** Opening Provided data block **

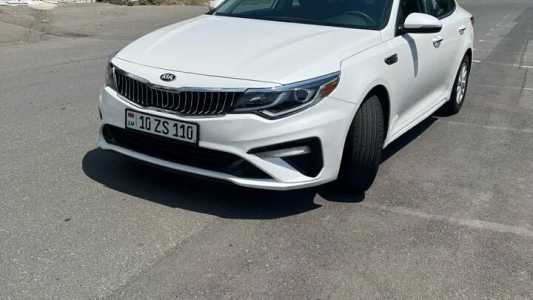 Kia Optima, Бензин, 2018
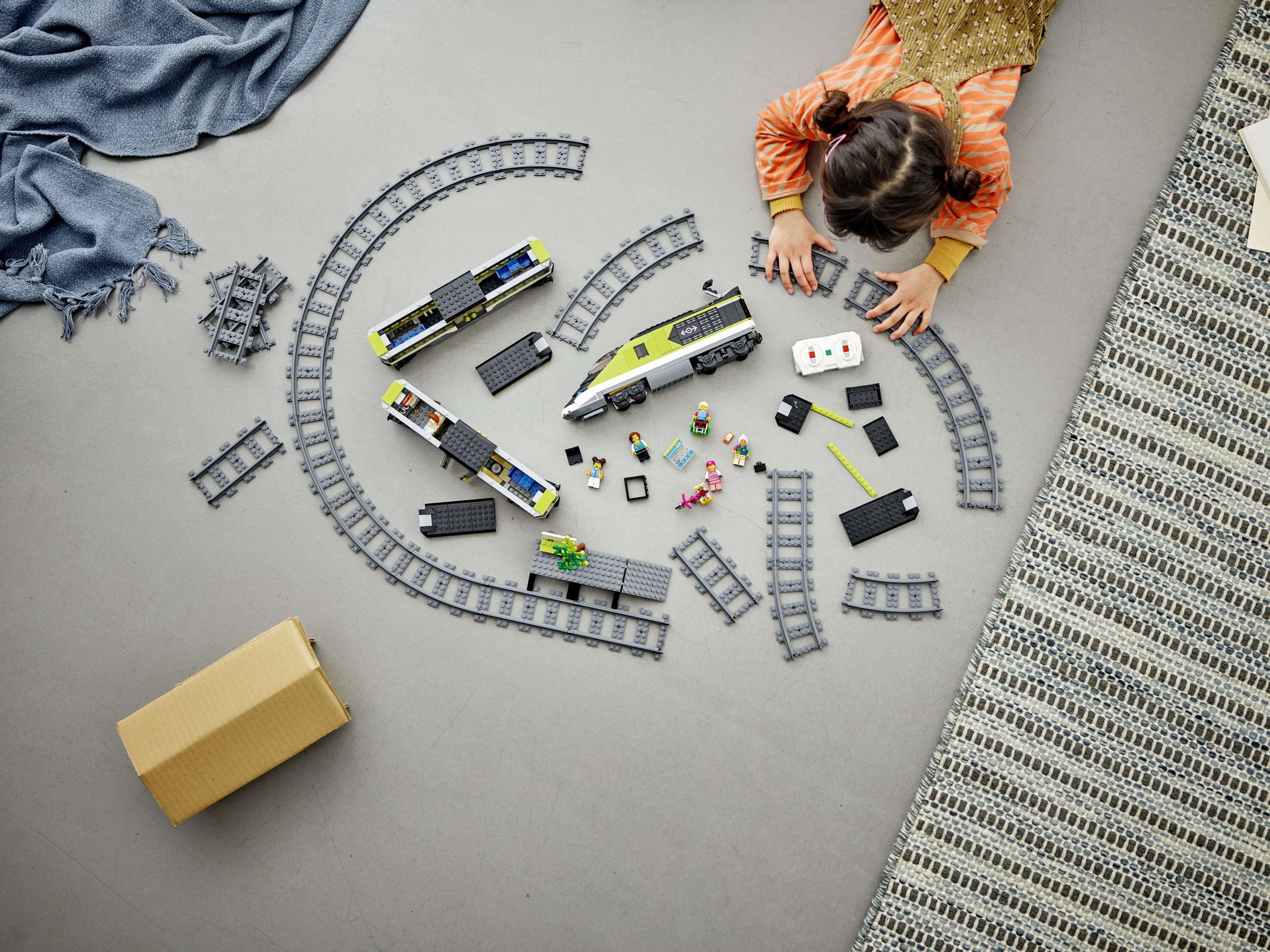 LEGO City Treno passeggeri espresso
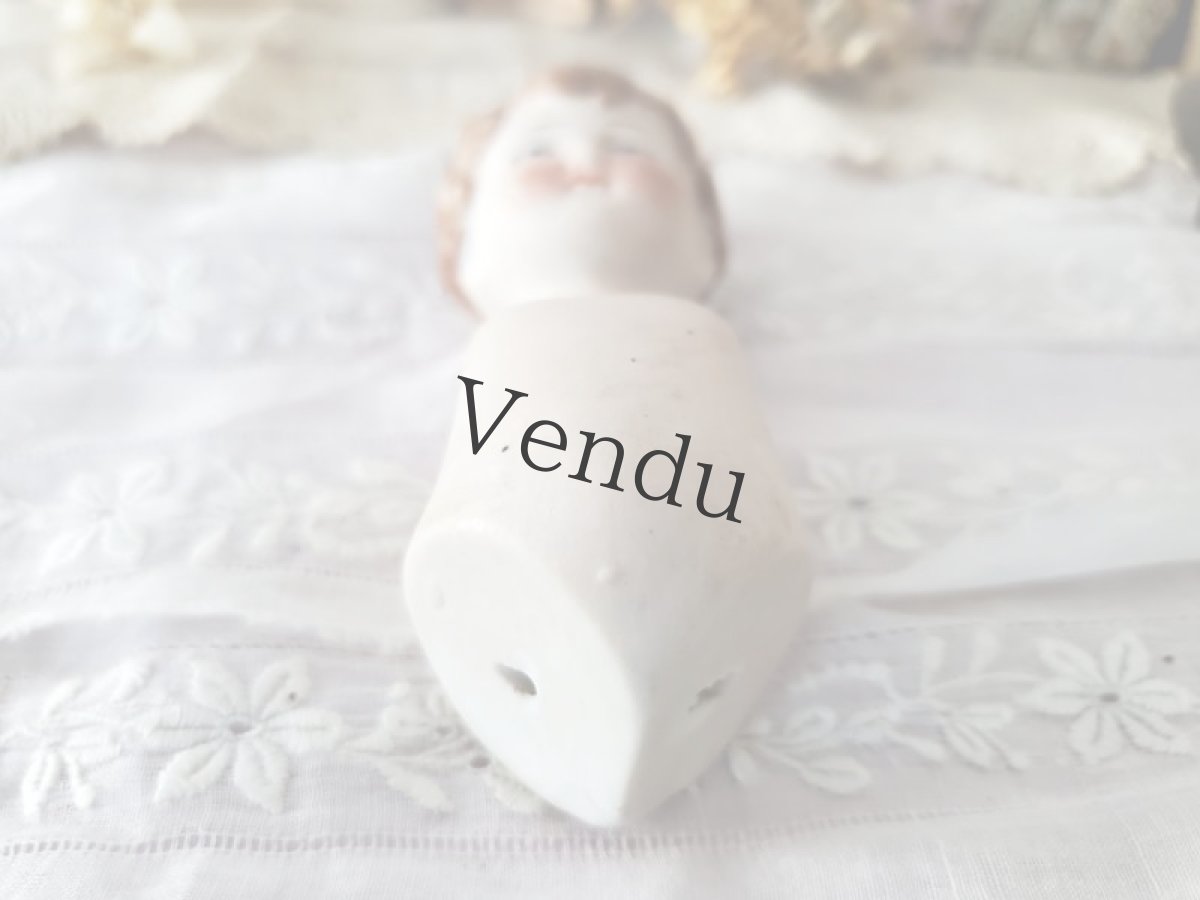 画像8: ドイツアンティーク  少年のビスクドール ボディ (8)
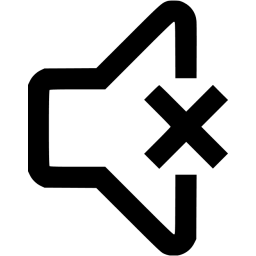mute 3 icon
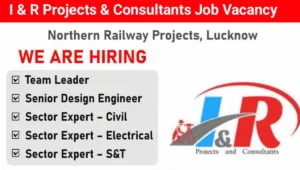 I&R Projects & Consultants Vacancy
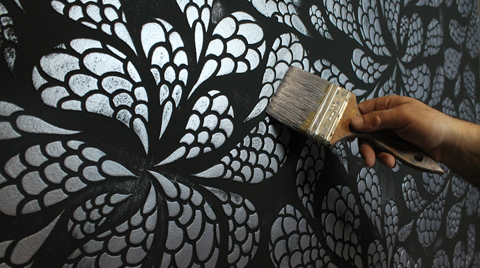 San Deco'dan Stencil Serisi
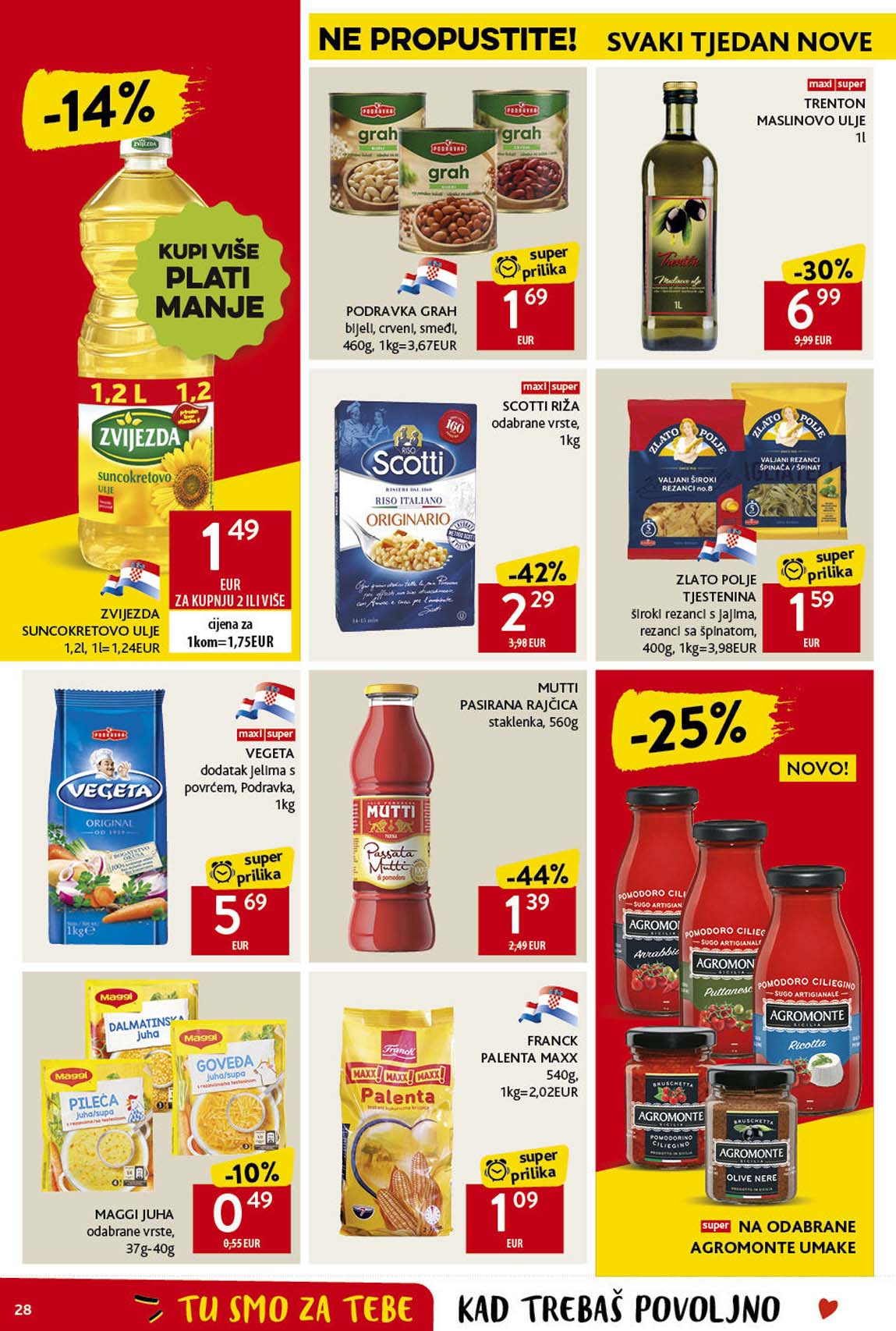 KONZUM KATALOG AKCIJA POPUSTI 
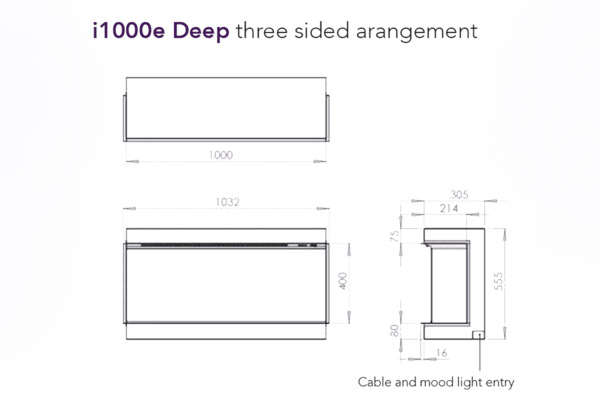 Charlton & Jenrick Charlton & Jenrick 4D Ecoflame i-1000e Deep Smart App Front Charlton & Jenrick Charlton & Jenrick 4D Ecoflame i-1000e Deep Smart App Front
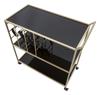 Trolley Black String Cm 79X39,5X82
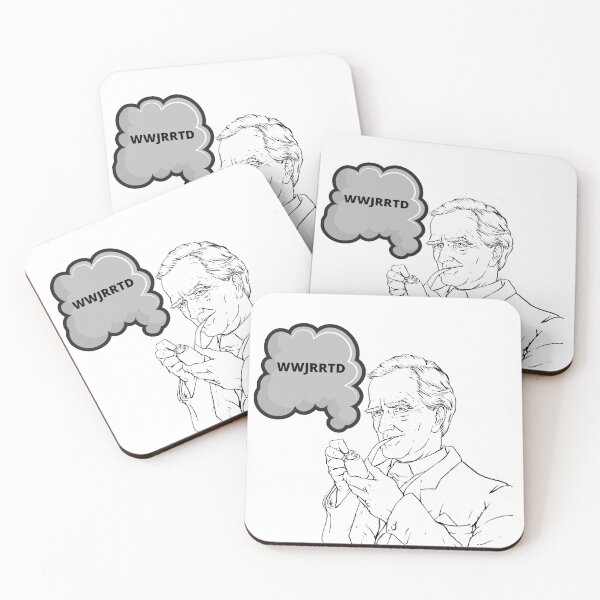 Item preview, WWJRRTD (What would J.R.R. Tolkien Do?) designed and sold by Samthenet.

** Closing Provided data block **

**Work instructions**
All of the entries above should be copied exactly, except for the pictures.

**Response box**
 Kia Optima, Бензин, 2018
 LEGO City Treno passeggeri espresso
 画像8: ドイツアンティーク  少年のビスクドール ボディ (8)
mute 3 icon
 I&R Projects & Consultants Vacancy
 San Deco'dan Stencil Serisi
 KONZUM KATALOG AKCIJA POPUSTI 
 Charlton & Jenrick Charlton & Jenrick 4D Ecoflame i-1000e Deep Smart App Front Charlton & Jenrick Charlton & Jenrick 4D Ecoflame i-1000e Deep Smart App Front
 Trolley Black String Cm 79X39,5X82
 Item preview, WWJRRTD (What would J.R.R. Tolkien Do?) designed and sold by Samthenet.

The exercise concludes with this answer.